* Green tax caused violent protests in northwestern France
* PM says suspended tax will not return without consensus
PARIS, Dec 13 (Reuters) - The French government will not resurrect a controversial green tax that was suspended following violent protests unless a political consensus is reached on how to apply it, Prime Minister Jean-Marc Ayrault said on Friday.
The Socialist government last month froze its plans for the tax on trucks following protests by farmers and truckers in northwestern France, who clashed with police and torched dozens of toll gates designed to collect the levy.
Ayrault ordered a parliamentary commission to examine the so-called eco-tax, which was meant to raise nearly 1 billion euros ($1.4 billion) per year through automatic levies on trucks, but did not set a deadline for its implementation.
"The eco-tax will come back if there is a consensus," he told France Bleu Armorique radio.
"That's why I proposed that the National Assembly, which had voted unanimously in favour of the law, be put in charge of evaluating it and finding a solution."
Parliament originally passed the law under the previous conservative administration, but President Francois Hollande has faced the brunt of anger from Brittany farmers and truckers who say the tax will rob them of their livelihood.
If the government gave way on the green tax, it would add to a list of scrapped tax rises including a levy on corporate profits and new charges on special savings products, fuelling accusations that Hollande lacks authority as a leader.
The protests led by groups wearing red bonnets, a reference to 17th century peasant revolts, were the toughest since Hollande came to power in May 2012 and imposed tax hikes to shrink the public deficit under pressure from European partners.

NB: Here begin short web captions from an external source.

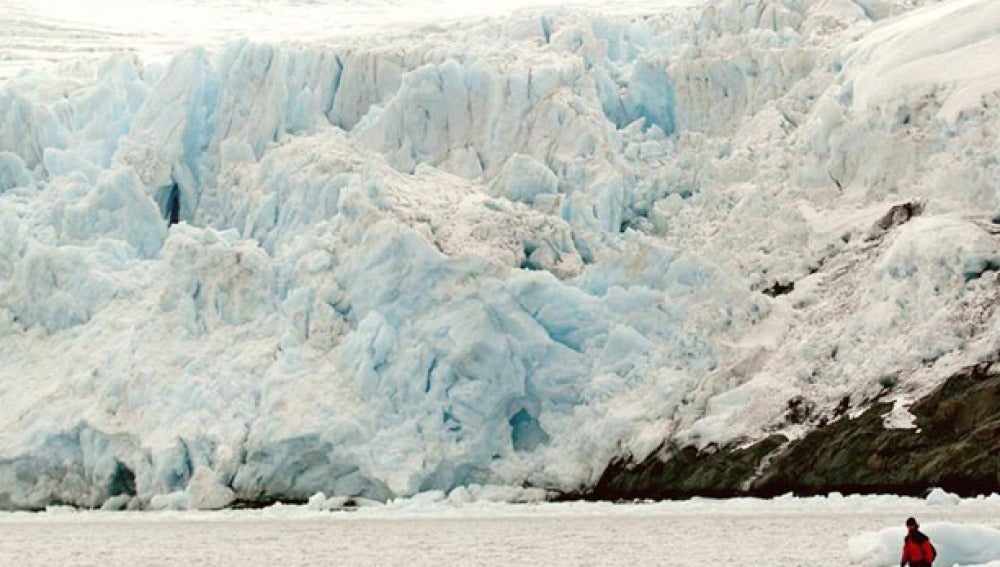 Deshielo de un glaciar en Groenlandia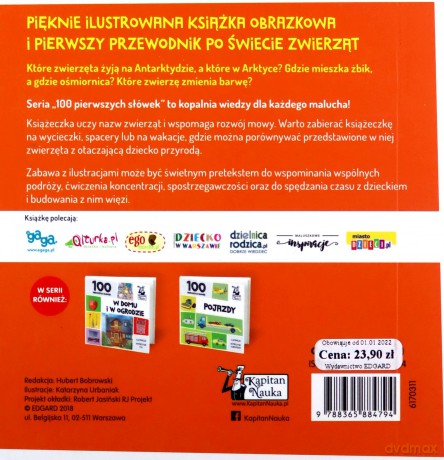 100 pierwszych słówek zwierzęta [KSIĄŻKA]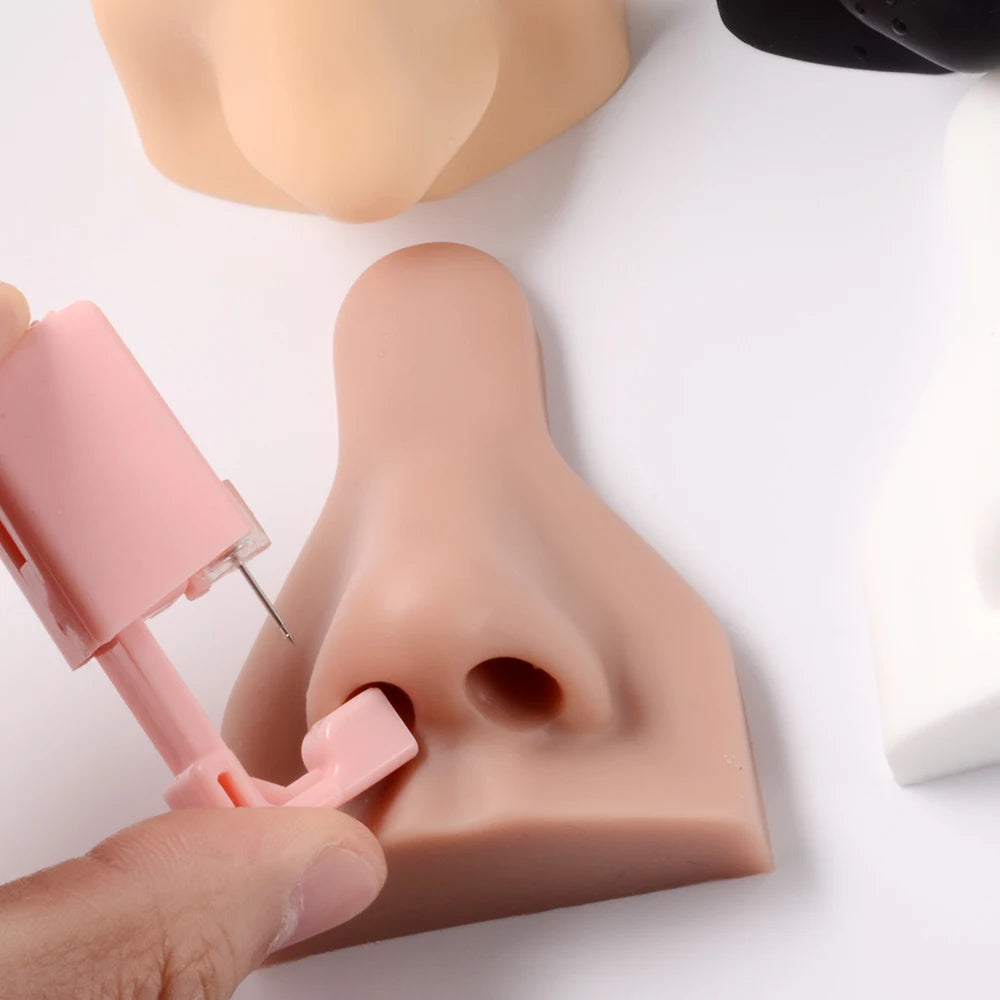 1Pc Soft Silicone Nose Model Tattoo Practice Jewelry Display Piercing Tools Earring Display Tool Acrylic Display Stand Kit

While a similar tax exists in Germany, and France's government says its main aim was to tax foreign trucks travelling through France, protestors argue it will destroy more jobs in the region's beleaguered food processing industry.
Protests caused hundreds of millions of euros in damage, while the government may face an 800-million-euro penalty if it breaches its contract with a company hired to collect the tax.
Leaders of the 'red bonnet' movement told French media they were determined to see the tax buried, despite an offer from the government to reduce it by 50 percent.